**Exercise data:**
###
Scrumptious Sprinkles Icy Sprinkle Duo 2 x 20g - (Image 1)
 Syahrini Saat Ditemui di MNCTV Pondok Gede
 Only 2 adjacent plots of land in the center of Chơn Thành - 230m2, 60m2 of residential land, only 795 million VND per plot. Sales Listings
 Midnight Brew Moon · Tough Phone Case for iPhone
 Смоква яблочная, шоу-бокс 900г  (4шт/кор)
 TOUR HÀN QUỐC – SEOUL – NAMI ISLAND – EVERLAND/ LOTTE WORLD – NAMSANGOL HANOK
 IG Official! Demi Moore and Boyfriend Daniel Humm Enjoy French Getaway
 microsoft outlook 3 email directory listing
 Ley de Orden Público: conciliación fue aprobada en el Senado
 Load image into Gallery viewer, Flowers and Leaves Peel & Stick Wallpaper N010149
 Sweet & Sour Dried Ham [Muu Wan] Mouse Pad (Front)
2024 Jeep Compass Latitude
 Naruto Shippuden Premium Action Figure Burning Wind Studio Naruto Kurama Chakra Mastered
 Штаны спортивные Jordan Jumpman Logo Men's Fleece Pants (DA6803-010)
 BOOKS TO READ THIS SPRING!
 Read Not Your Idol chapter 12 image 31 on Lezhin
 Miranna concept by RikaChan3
###
**Description of the task:** Would you print exactly and only the lines of the material above that run from the line with "Load image into" through the line with "Naruto Shippuden Premium", both included?

**Task solution:**
 Load image into Gallery viewer, Flowers and Leaves Peel & Stick Wallpaper N010149
 Sweet & Sour Dried Ham [Muu Wan] Mouse Pad (Front)
2024 Jeep Compass Latitude
 Naruto Shippuden Premium Action Figure Burning Wind Studio Naruto Kurama Chakra Mastered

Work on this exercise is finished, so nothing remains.